The relief

It’s there when you put the blade to your skin. As you drag it through the skin cells, and create a wound. As the blood spills. But then it’s gone. Within the blink of an eye, it’s gone. 

It’s there when you throw up your dinner. As you’re hurling in your bathroom. As tears gather in your eyes. But then it’s gone.You catch your breath, brush your teeth, and it’s gone. 

It’s there when you tell him to do whatever he pleases with you.

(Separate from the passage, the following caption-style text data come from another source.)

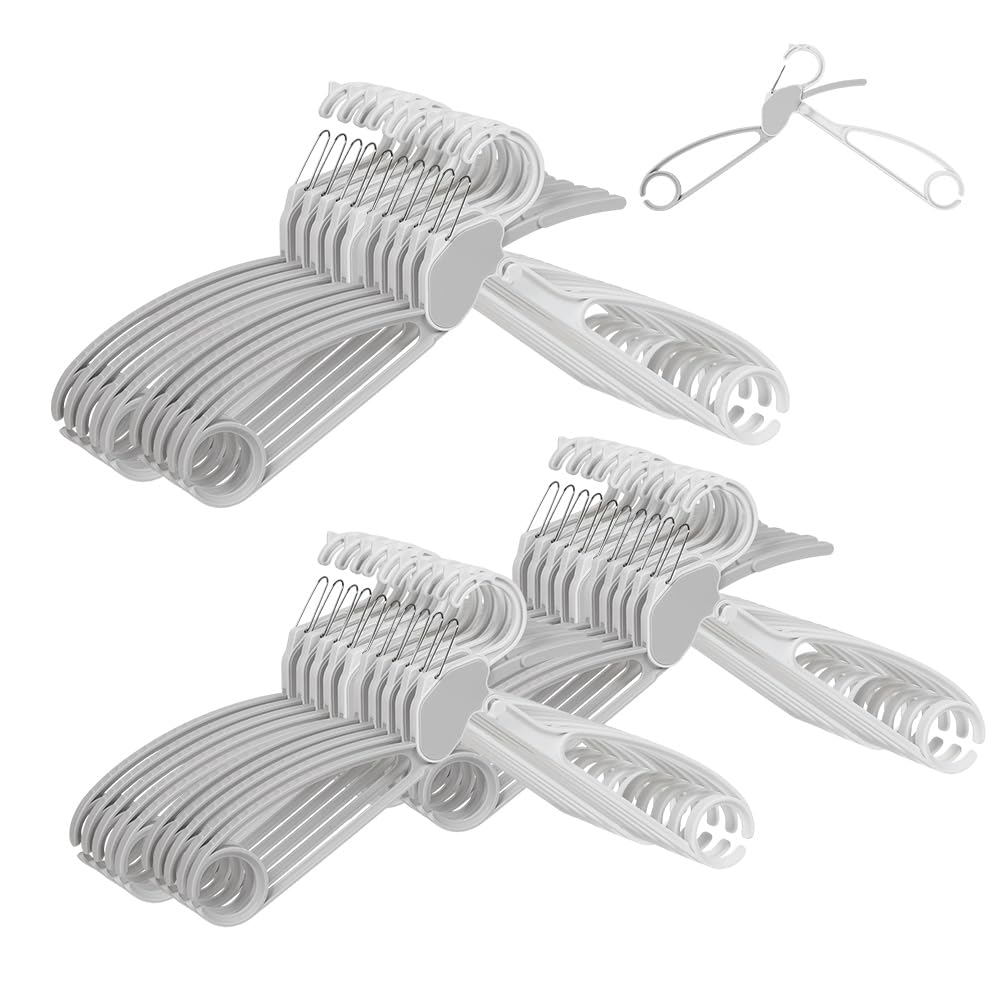 【1秒着脱&洋服ケア】MODE HANGER 時短ハンガー 首元伸びない かたくずれ防止 滑らない 収納力3倍 跡付かない 大人 子ども兼用 洗濯 物干し クローゼット兼用 (ホワイト グレー ベージ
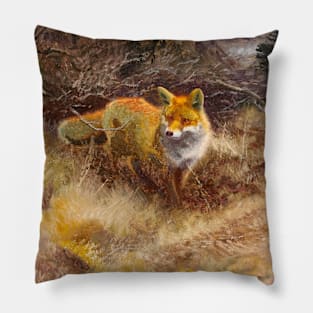 Fox and Landscape by Bruno Liljefors Pillow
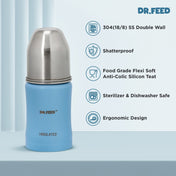 Adore Dr.Feed Majestique Insulated Thermos Hot/ Cold Stainless Steel Feeding Bottle with Anti-Colic Teat- D3- 180ml- Baby Blue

As you take your clothes off, and lie down to be used. As you compromise yourself and allow someone to treat you as if you’re worthless, because that’s what you are. But then it’s gone. He gets his release and then he caresses your chin as if you’re valuable, like it was all a game. He kisses your forehead and tells you you’re beautiful, and it’s gone.

It’s there when he throws the punch. As you trace your fingers along your jaw, to your lips, and you lift the hand in front of you, and you see there’s blood on it. As you turn the other cheek and get hit again. As the dizziness embraces you and it’s hard to stand on your feet. But then it’s gone. He gasps and is by your side in a stride. He apologizes under his breath and begs for forgiveness, and it’s gone.

It’s there when you stub a cigarette on your hip. As you watch your bruises in the mirror. As your empty nail beds brush against your covers. But then it’s gone. It only lasts a moment, and then the moment’s gone.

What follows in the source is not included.